## SUPPLIED INFORMATION
BEGIN
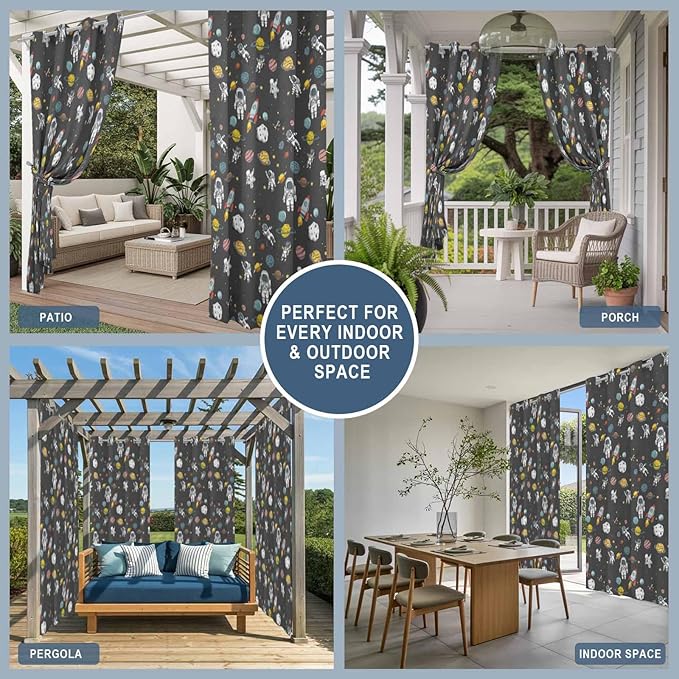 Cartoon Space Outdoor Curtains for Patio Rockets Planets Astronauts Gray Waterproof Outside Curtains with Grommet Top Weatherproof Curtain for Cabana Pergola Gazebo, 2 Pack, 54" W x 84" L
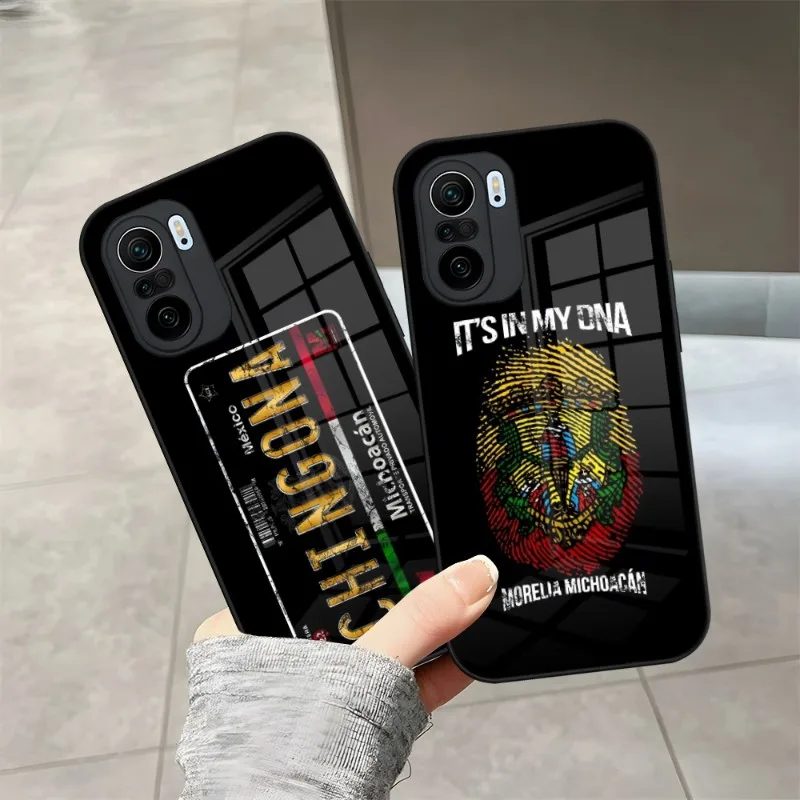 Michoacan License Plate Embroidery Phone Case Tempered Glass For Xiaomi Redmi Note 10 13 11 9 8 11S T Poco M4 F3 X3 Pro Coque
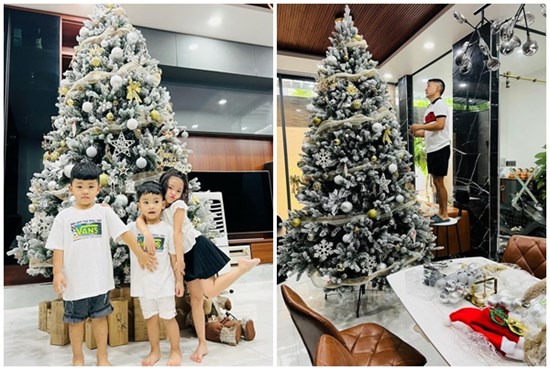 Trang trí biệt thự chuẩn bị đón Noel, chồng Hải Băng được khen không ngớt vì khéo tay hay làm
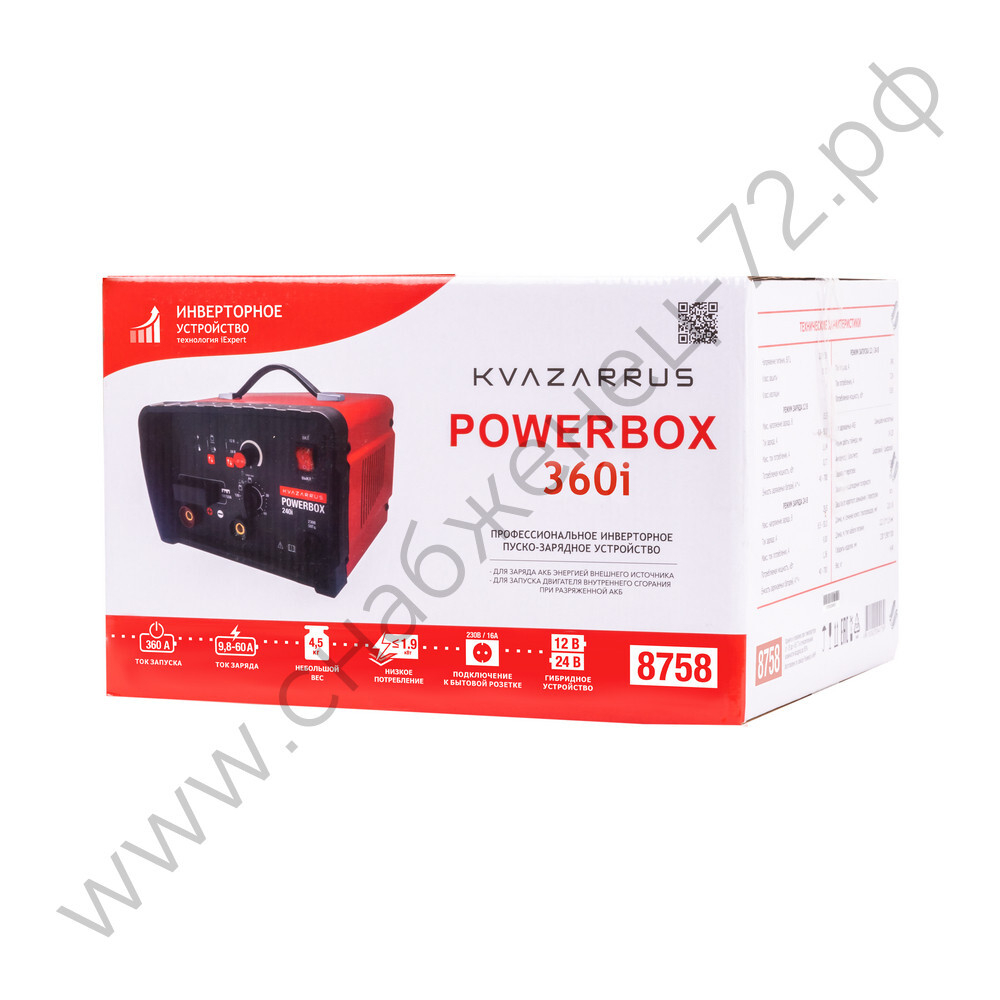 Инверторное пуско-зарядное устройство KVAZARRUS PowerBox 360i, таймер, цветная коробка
END
## REQUIRED WORK
An image-free, exact version of the listing above is required.

## FINISHED TASK
 Cartoon Space Outdoor Curtains for Patio Rockets Planets Astronauts Gray Waterproof Outside Curtains with Grommet Top Weatherproof Curtain for Cabana Pergola Gazebo, 2 Pack, 54" W x 84" L
 Michoacan License Plate Embroidery Phone Case Tempered Glass For Xiaomi Redmi Note 10 13 11 9 8 11S T Poco M4 F3 X3 Pro Coque
 Trang trí biệt thự chuẩn bị đón Noel, chồng Hải Băng được khen không ngớt vì khéo tay hay làm
 Инверторное пуско-зарядное устройство KVAZARRUS PowerBox 360i, таймер, цветная коробка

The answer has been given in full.